The Christmas meal in Dalmatia nearly always includes bakalar, a simple stew of dried cod and potatoes. It’s beyond delectable. The Croatian word bakalar is not only the name of the dish, but also of the fish. It’s a derivation of bacalao, the Spanish word for cod. The highly prized cod fish is not available from the Adriatic Sea, so it’s imported to Croatia in its durable, salted and dried form from various colder-water locales, often Norway. It’s assumed that bakalar was introduced to Croatia by Dalmatian sailors who’d been on ships in the North Atlantic, and it’s now a tradition.
1 dried salt cod
1 kg potatoes, peeled and thick sliced
2 large onions, diced
4 cloves garlic, chopped
1 bouquet fresh parsley, roughly chopped
1/4 L olive oil
salt, pepper to taste
Wash the salt cod well and soak overnight in water.
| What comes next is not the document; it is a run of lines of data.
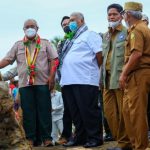 Hadiri Ritual Adat Tolak Bala di Desa Kabawakole, Gubernur Sultra Ingatkan Warga Buton Akan Ancaman Tsunami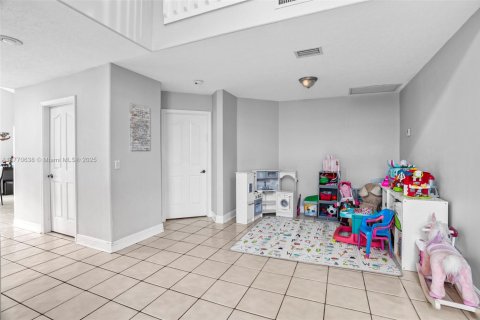 House in Cooper City, Florida 4 bedrooms, 207.82 sq.m. № 1700735 - photo 5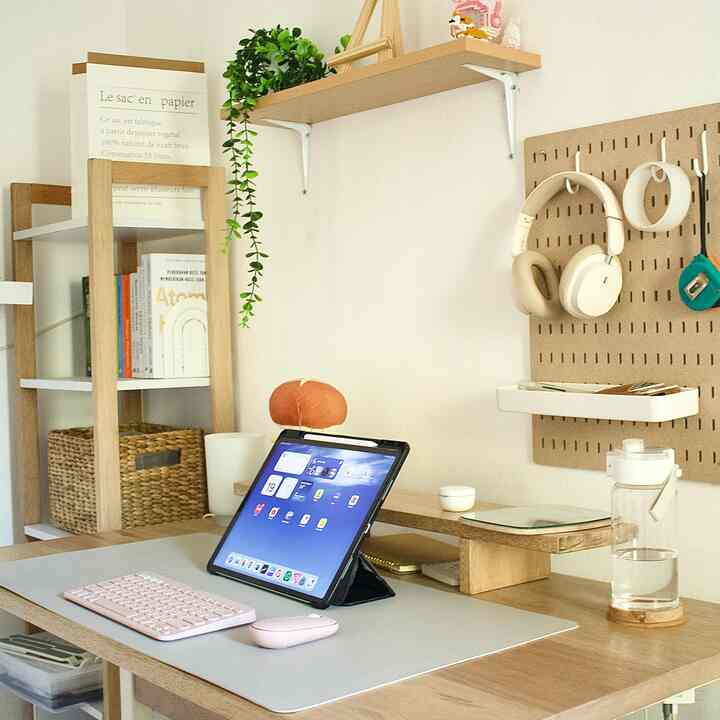 Desk set up warm and cozy furniture #cozy #workspace #homeoffice #workingspace #woodfurniture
Wash again, then cover with fresh water in a large pot and cook on a low flame until tender, but not falling apart (5-6 hours). Remove the cod from the water (which you will reserve), lay it on a clean cutting board and carefully remove the bones, taking care to keep the meat in large pieces. Quickly saute the onion, garlic and parsley in olive oil in the cooking pot, then add the potatoes and stir until coated with oil. Add the reserved cooking water and simmer the potatoes until tender, then return the cod meat to the pot. Simmer slowly for an additional 20-30 minutes without stirring. Season with salt and pepper to taste. Serve with freshly baked crusty bread for soaking up the broth.